US policies should lead to falling emissions pathways by 2030 but would still result in an emissions level above its targets, a Climate Action Tracker report confirms.
Moreover, reports reveal that building or expanding the proposed 25 LNG terminals in the US could produce more than 90 million metric tonnes of GHG emissions per year.
While it is unlikely that every proposed project in the US will get built, it’s still a systemic risk. In 2021, GHG emissions from US LNG export facilities were as high as 18 million metric tonnes. The estimates did not include upstream or downstream emissions, so they do not reflect the entire gas value chain.

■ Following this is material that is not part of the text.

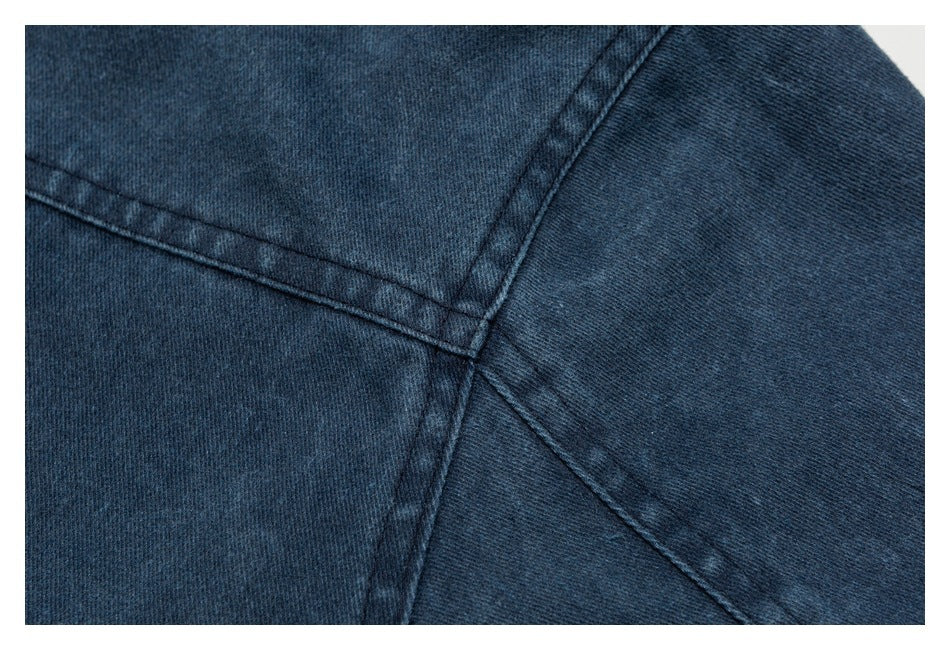 Close-up of intersecting stitched seams on dark blue denim.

No New LNG Developments and the Next Steps
The Qatari and US LNG build-out will make it impossible for both countries to accelerate emissions reductions. It also fails in the face of International Energy Agency (IEA) warnings saying that “no” new fossil fuel infrastructure should be built if the world is to avoid breaching the 1.5°C limit. That limit would avoid the most severe effects of global climate change.

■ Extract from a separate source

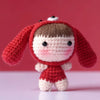 A handmade red crochet doll kit featuring a face and body, displayed against a pink background.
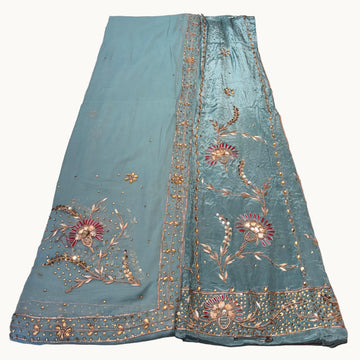 Teal fabric with floral embroidery on a light gray background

The global LNG sector can learn a lesson from renewables development. Since wind and solar power deployment have grown rapidly, clean energy is set to overtake coal as an energy source globally by 2025. The LNG sector has to follow a similar trajectory, stop new LNG development, invest in wind and solar and set a time frame for an LNG phaseout.
by Tim Daiss
Tim has been working in energy markets in the Asia-Pacific region for more than ten years. He was trained as an LNG and oil markets analyst and writer then switched to working in sustainable energy, including solar and wind power project financing and due diligence. He’s performed regulatory, geopolitical and market due diligence for energy projects in Vietnam, Thailand and Indonesia. He’s also worked as a consultant/advisor for US, UK and Singapore-based energy consultancies including Wood Mackenzie, Enerdata, S&P Global, KBR, Critical Resource, and others. He is the Chief Marketing Officer (CMO) for US-based lithium-sulfur EV battery start-up Bemp Research Corp.